The use of long-term anti-psychotic medication for borderline personality disorder contravenes prescribing guidelines in the UK. There is evidence to suggest clozapine can be beneficial yet anecdotally it is prescribed almost exclusively in locked settings. A single study suggests a substantial proportion of psychiatrists disapprove of this practice. The purpose of this paper is to articulate concerns about the use of clozapine for “BPD” that are absent from current literature.

Design/methodology/approach

This paper summarises the reflections and experiences of the authors lived experience, academic and clinical backgrounds.

Findings

The published literature is uniformly positive when describing the prescription of clozapine for those diagnosed with BPD; however, this in no way reflects the experience of the authors. There is no body of material reflecting a study showing that a substantial number of psychiatrists have issues with this practice.
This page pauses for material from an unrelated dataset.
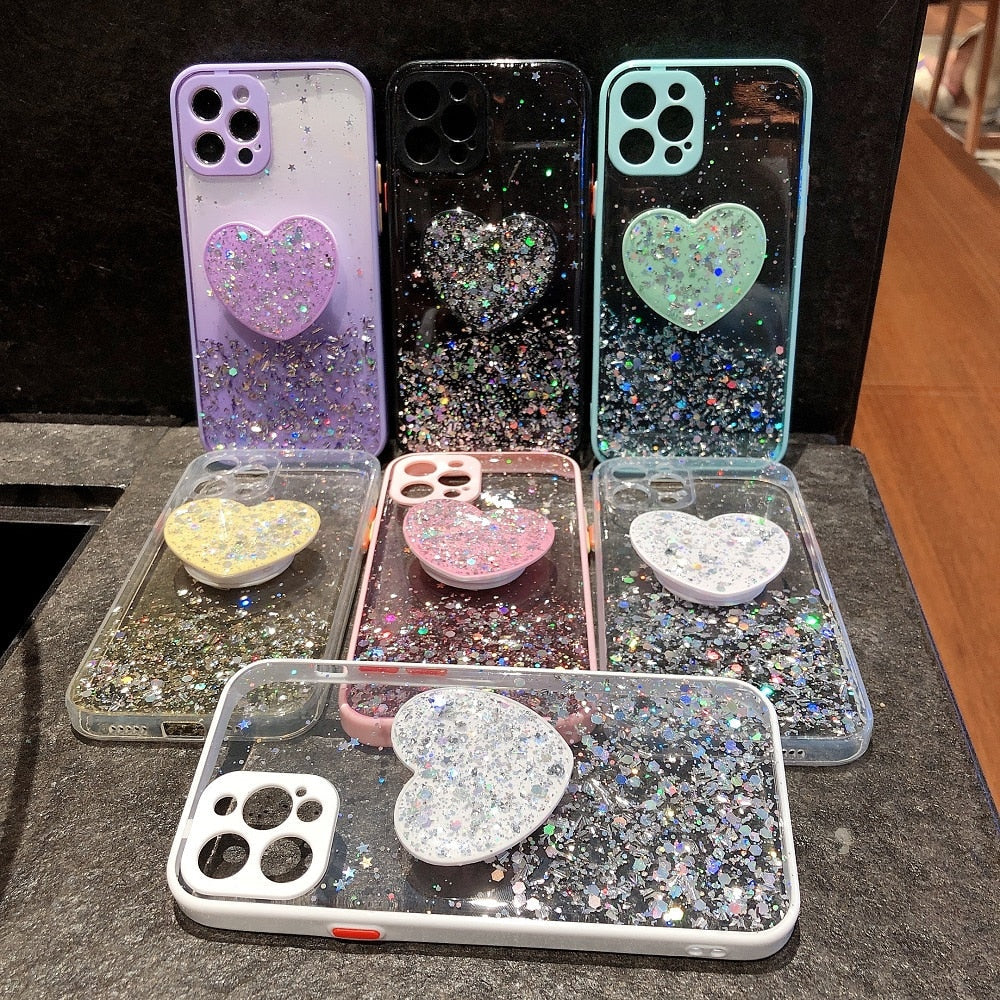 Glitter Case with Heart Stand for iPhone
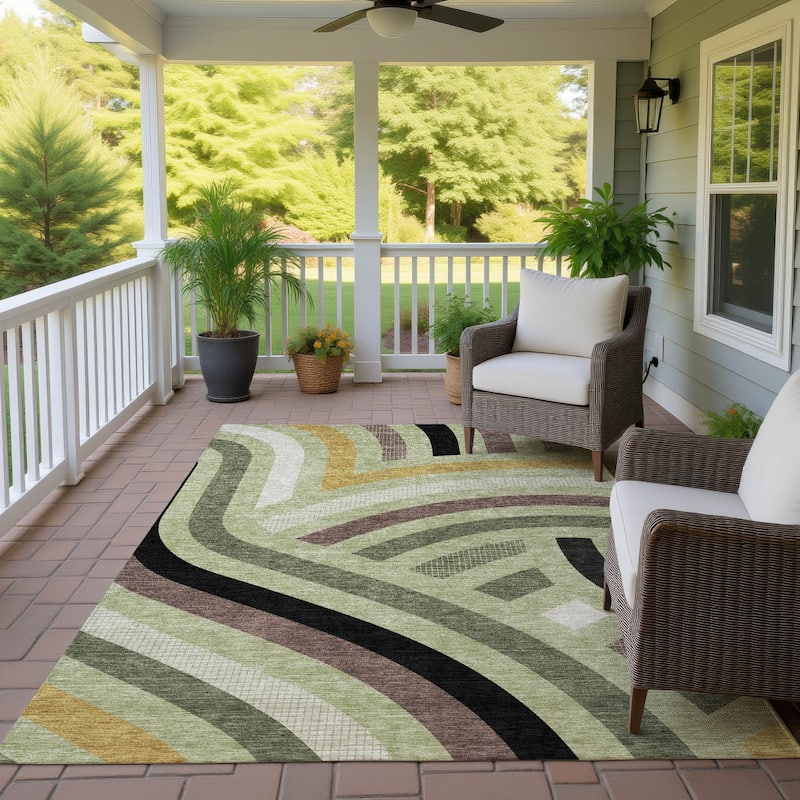Machine Washable Indoor/ Outdoor Modern Jalen Chantille Rug - Celery - 5' x 7'6"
Research limitations/implications

While it is a fact that there is a discrepancy between psychiatrists attitudes towards clozapine prescription for “BPD” and the published literature, the described concerns in this paper are based solely on the authors’ experiences and observations.

Practical implications

Those seeking literature to articulate concerns about the use of clozapine with this population will likely be disheartened by the paucity of published literature.

Originality/value

To the best of the authors’ knowledge, this paper is the first to raise substantial concerns about the use of clozapine for those diagnosed with “BPD” and the circumstances in which it is prescribed.

Keywords

Citation

Harding, K., Warrender, D. and Berrigan, H. (2022), "Concerns over the prescription of clozapine for people diagnosed with “borderline personality disorder” in private locked psychiatric units", Mental Health Review Journal, Vol. 27 No. 3, pp. 348-354. https://doi.org/10.1108/MHRJ-03-2022-0017

Publisher

:

Emerald Publishing Limited

Copyright © 2022, Emerald Publishing Limited


18 January 2022 was a big day for those interested in the topic of “personality disorder” and specialist out-of-area placements (we use inverted commas to recognise the contested nature of this construct and the view that for many it is insulting (Lamb et al., 2018). A report was published by the British and Irish Group for the Study of Personality Disorder (Zimbron et al., 2022) highlighting that the lack of data held about people with a personality disorder diagnosis in locked rehabilitation settings, that two companies provide 70% of all placements, that 99% of placements are in the private sector and that placement length is not agreed in advance. This raised concerns around whether market forces could drive quality provision and whether there should be quality standards to achieve to be a “specialist” unit, rather than it being a self-appointed title.

On the same day, BBC File on Four aired the documentary “Mental Health Rehab – The Forgotten Patients” (BBC, 2022). While it looked at mental health rehab in general, each patient and each unit featured was linked with “personality disorder”. The patients gave examples of poor care while a staff member described being involved in the opening of a centre of excellence for personality disorder where no one had any experience or preparation for working with the issues they claimed to specialise in.

Concerns about mental health rehabilitation placements have previously been expressed by Rethink and RCP (2020), NDTI (2019) and Harding et al. (2020). One aspect of these concerns was the overuse of clozapine for “BPD” in these “specialist” units.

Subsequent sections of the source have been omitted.